CHARLESTON - Senate Bill 161 expanding requirements for reporting suspected child abuse and neglect in West Virginia, enacted following the sexual abuse scandal at Penn State University, went into effect on Friday.
The bill requires any adult over 18 who receives a credible disclosure or observes any sexual abuse of a child to report the incident to law enforcement and Child Protective Services for further investigation. Failure to report within 48 hours is a misdemeanor offense subject to up to 30 days in jail and up to $1,000 fine.
SB 161 expanded the list of professions and individuals required to report other forms of suspected child abuse and neglect to include youth camp administrators and camp counselors, employees, coaches and volunteers of any entity providing organized activities for children including youth sports programs and other youth serving organizations and commercial photograph print processors.

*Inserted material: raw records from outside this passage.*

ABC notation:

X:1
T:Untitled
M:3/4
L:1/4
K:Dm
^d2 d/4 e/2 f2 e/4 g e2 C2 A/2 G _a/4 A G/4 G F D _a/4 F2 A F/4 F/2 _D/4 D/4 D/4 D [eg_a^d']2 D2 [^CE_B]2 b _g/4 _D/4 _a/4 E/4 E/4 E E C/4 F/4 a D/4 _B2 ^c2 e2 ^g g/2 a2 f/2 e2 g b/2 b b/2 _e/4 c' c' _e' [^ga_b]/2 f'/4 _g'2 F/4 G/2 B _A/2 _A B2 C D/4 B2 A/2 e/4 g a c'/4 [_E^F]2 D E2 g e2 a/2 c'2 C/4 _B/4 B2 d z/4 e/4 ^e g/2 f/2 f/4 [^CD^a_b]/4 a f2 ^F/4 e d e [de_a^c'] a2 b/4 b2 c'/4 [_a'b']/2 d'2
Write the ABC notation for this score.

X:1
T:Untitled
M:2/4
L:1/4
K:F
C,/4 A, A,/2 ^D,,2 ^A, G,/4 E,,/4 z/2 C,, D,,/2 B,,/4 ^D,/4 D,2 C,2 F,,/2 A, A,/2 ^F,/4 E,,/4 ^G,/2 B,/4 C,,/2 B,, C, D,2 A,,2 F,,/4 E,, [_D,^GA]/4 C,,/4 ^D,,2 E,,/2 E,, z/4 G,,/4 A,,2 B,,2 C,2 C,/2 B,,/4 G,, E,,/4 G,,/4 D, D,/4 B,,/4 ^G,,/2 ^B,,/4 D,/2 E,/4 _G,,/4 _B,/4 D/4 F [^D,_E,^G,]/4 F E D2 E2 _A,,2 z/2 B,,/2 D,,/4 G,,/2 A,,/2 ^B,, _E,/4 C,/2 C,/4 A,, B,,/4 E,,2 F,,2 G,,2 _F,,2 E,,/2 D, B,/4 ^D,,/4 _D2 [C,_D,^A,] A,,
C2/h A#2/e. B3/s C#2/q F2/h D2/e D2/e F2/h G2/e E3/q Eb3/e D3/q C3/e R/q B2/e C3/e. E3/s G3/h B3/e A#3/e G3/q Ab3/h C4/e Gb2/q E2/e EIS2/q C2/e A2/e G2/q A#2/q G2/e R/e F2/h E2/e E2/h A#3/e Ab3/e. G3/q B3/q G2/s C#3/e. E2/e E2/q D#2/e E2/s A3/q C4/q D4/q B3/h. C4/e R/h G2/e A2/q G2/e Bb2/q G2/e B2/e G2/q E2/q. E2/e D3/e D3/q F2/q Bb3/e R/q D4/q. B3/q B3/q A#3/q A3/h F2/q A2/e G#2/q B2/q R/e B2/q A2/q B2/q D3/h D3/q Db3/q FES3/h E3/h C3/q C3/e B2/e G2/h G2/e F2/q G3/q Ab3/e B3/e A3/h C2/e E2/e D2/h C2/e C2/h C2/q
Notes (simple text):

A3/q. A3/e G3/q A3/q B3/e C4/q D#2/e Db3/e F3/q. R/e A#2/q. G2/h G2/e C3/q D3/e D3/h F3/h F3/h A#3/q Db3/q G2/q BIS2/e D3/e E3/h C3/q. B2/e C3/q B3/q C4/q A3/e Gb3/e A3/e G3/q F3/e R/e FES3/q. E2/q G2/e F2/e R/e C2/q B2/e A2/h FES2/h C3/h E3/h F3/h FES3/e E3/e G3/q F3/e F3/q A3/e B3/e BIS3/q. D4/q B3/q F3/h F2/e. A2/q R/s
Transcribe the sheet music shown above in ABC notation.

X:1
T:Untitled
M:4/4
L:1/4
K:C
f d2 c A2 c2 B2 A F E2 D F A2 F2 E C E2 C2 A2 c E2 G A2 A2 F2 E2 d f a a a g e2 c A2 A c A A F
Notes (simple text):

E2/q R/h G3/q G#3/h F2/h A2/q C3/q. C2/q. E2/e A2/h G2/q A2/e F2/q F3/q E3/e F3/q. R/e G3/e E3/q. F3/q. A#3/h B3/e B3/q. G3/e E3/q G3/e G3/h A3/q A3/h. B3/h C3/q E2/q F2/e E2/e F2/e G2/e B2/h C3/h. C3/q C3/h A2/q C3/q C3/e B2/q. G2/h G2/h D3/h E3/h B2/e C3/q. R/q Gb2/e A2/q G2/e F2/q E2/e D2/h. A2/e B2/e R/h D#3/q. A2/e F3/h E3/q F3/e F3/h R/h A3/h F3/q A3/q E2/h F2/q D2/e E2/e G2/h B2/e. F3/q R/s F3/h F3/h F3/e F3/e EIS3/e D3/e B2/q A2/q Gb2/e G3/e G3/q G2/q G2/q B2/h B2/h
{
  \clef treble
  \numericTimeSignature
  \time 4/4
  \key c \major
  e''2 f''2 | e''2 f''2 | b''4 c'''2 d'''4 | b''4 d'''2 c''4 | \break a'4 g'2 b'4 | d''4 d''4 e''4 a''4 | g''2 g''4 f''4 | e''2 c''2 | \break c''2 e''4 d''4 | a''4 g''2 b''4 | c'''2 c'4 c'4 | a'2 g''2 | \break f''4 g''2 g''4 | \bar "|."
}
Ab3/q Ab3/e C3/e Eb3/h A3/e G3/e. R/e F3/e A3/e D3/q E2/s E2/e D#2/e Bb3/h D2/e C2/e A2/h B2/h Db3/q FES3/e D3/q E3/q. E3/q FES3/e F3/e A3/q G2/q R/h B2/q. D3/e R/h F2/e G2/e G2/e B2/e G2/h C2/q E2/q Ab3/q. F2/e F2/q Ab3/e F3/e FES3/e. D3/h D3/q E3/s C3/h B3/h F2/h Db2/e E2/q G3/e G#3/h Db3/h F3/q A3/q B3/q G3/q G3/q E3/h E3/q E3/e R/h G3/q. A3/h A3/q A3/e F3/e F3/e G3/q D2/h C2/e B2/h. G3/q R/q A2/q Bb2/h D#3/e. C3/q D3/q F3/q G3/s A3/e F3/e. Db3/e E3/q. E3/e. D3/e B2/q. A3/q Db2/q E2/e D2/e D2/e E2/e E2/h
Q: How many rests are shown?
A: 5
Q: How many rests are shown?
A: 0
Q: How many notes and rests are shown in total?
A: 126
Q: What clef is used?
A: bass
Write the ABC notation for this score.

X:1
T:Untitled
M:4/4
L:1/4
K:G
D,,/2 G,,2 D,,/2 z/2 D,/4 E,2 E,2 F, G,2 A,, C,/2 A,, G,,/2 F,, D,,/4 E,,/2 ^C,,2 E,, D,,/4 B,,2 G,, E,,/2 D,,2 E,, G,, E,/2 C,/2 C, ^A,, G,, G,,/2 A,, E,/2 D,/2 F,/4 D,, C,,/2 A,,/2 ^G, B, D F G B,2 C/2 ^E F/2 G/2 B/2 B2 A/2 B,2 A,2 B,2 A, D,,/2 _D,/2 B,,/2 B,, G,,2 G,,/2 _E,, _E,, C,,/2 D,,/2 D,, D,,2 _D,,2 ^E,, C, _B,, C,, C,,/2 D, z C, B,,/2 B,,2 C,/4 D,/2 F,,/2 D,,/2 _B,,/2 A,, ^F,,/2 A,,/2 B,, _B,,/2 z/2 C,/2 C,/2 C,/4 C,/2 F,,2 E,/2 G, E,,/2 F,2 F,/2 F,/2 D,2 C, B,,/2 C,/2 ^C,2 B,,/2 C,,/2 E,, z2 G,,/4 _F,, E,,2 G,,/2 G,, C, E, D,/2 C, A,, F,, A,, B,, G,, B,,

In addition, the bill clarifies that mandated reporters must report instances of suspected child abuse and neglect to protective services, not just report the incident to their supervisor. Supervisors may supplement the report or cause an additional report to be made, but this action does not nullify the reporter's mandate to report the suspected abuse or neglect.
"We commend lawmakers for their dedicated leadership in acting quickly to enact reforms in response to the recent events at Penn State," Jim McKay, state coordinator for Prevent Child Abuse West Virginia, said. "SB161 highlights the obligation that we all share to prevent child abuse in West Virginia."
Those who suspect child sexual abuse, physical abuse, emotional abuse or child neglect should contact the Child Abuse and Neglect Hotline at 1-800-352-6513. The hotline is available around the clock.
Victims of child abuse may be referred to a local Child Advocacy Center that responds to allegations of child abuse through a team approach and child-focused process to put the needs of child victims first when addressing the investigation, treatment, management and prosecution of child abuse cases.
A listing of local centers in West Virginia is available online at http://www.wvcan.org.
Serious physical abuse or sexual abuse should also be reported to the state police & local law enforcement.